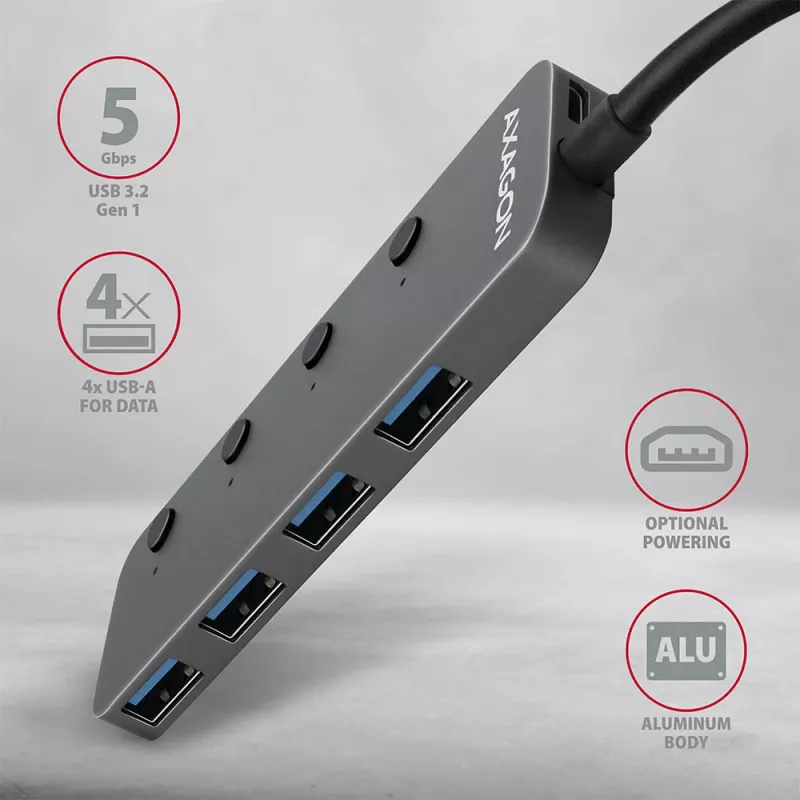 Axagon HUE-MSA Superspeed USB-A Switch Hub 4x USB 3.0 Aktiv - 20cm Schwarz USB 3.2 Gen 1 (3.1 Gen 1) Type-A 5000 Mbit/s Grau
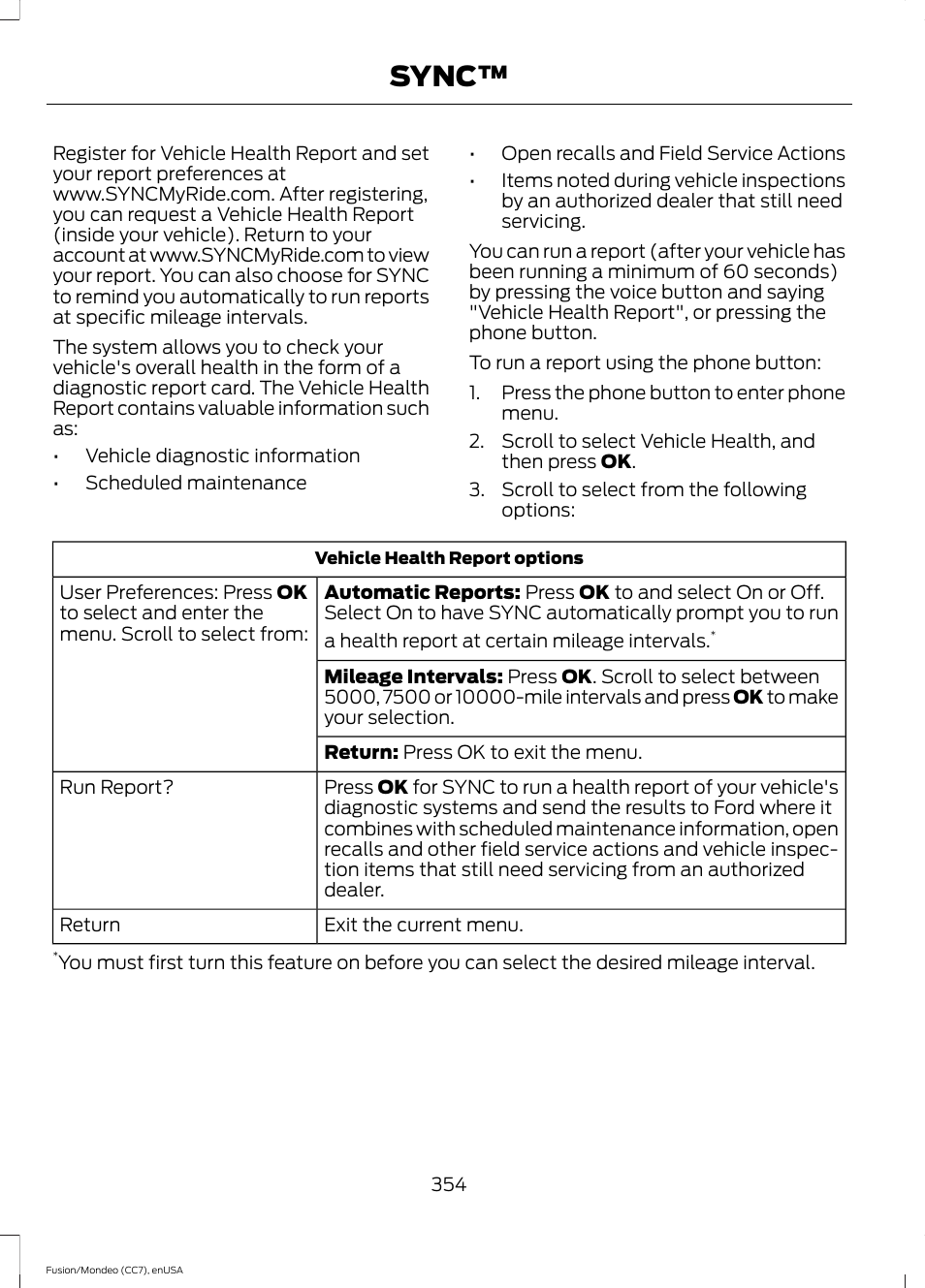 Sync | FORD 2015 Fusion User Manual | Page 357 / 488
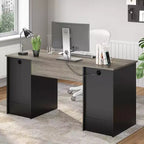 Bestier 59 Computer Desk with 4 Drawers, Office Executive Desk with File Drawer, Keyboard Tray for Home Office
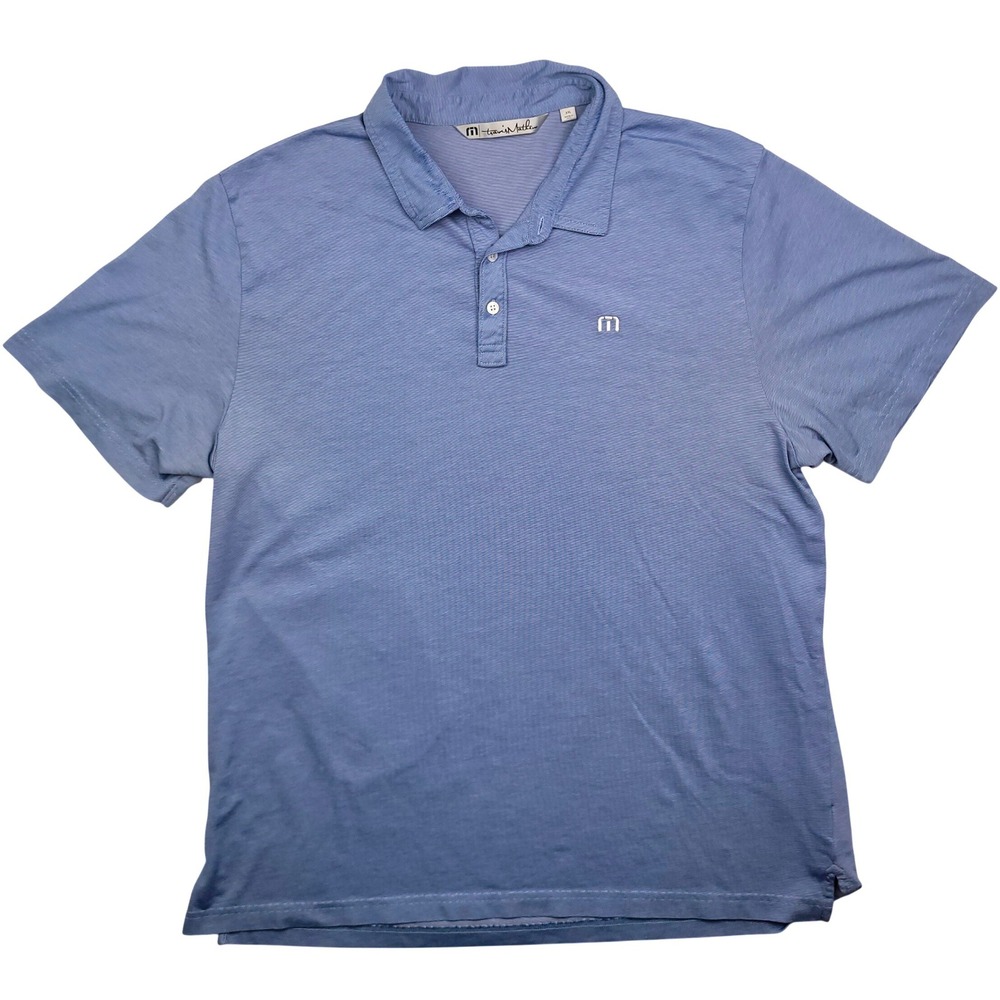 TravisMathew Mens‎ XXL Blue Micro Stripe Short Sleeve Golf Polo Shirt XXL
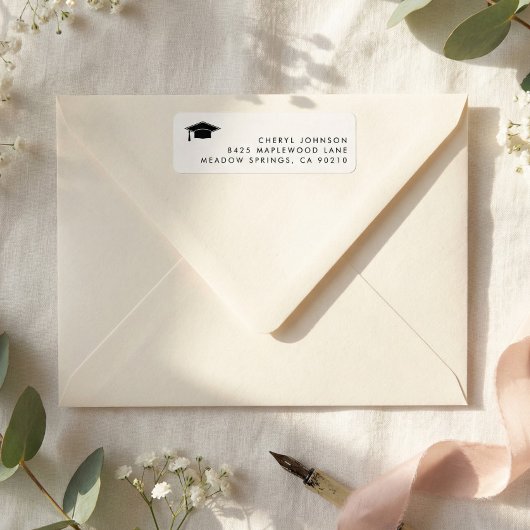 Minimalist Graduation Cap Return Address Label ラベル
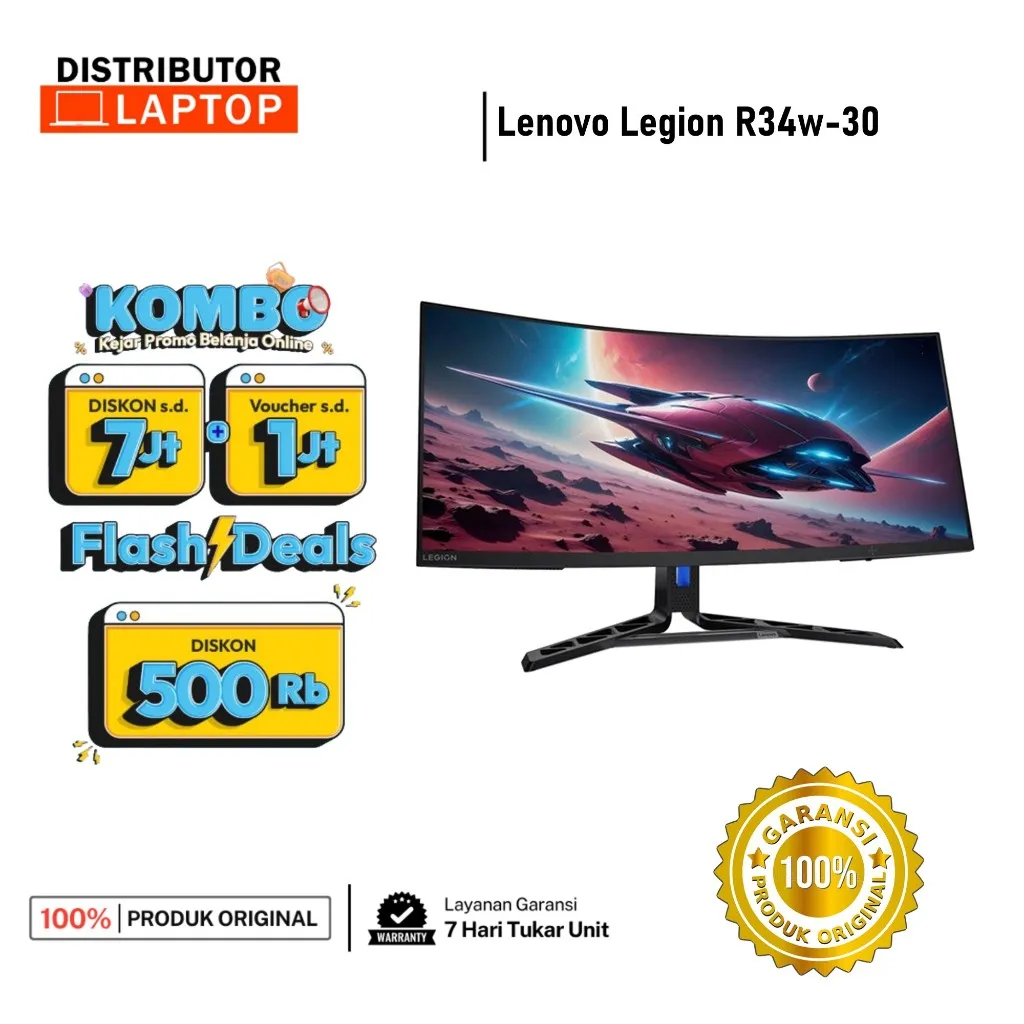 Monitor Gaming Lenovo R34w-30 R32qc-30 R24s - monitor game editor creator  - garansi resmi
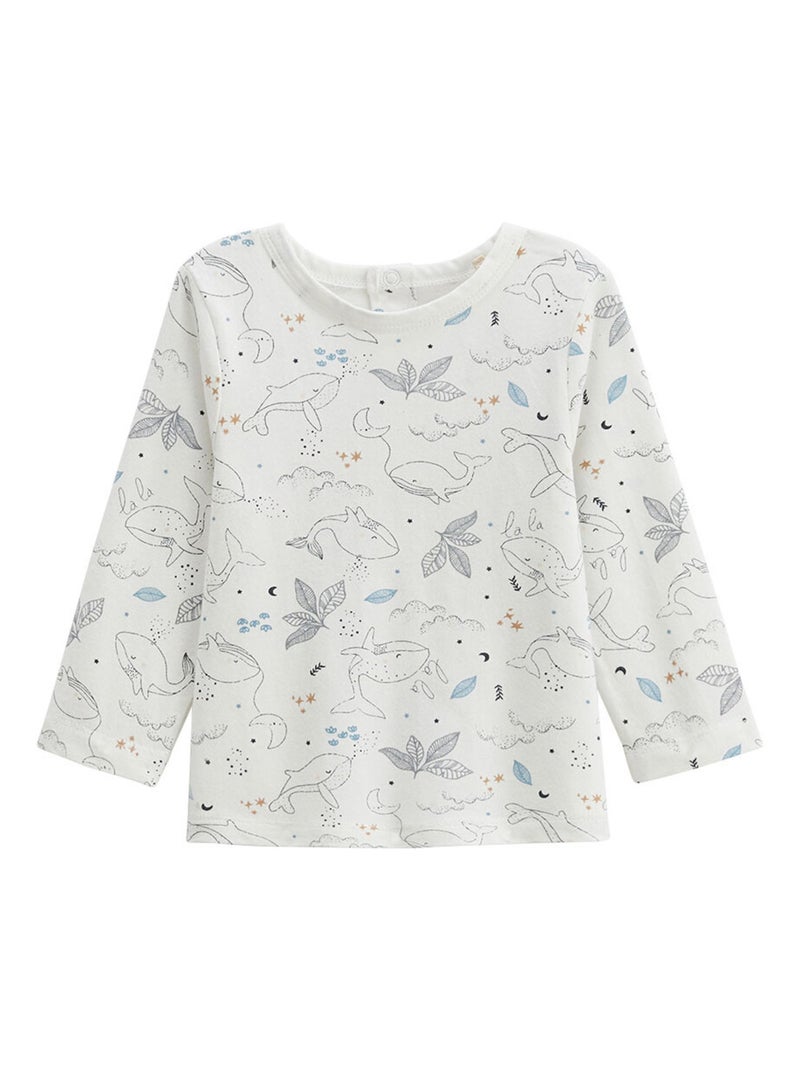 Ensemble salopette b?b? en coton matelass? et t-shirt Petite Balade Bleu - Kiabi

## Exercise prompt
Both the line containing "Minimalist Graduation Cap" and the last line of the records above belong in the exact copy, along with every line between them; pictures do not.

## Exercise result
 Minimalist Graduation Cap Return Address Label ラベル
 Monitor Gaming Lenovo R34w-30 R32qc-30 R24s - monitor game editor creator  - garansi resmi
 Ensemble salopette b?b? en coton matelass? et t-shirt Petite Balade Bleu - Kiabi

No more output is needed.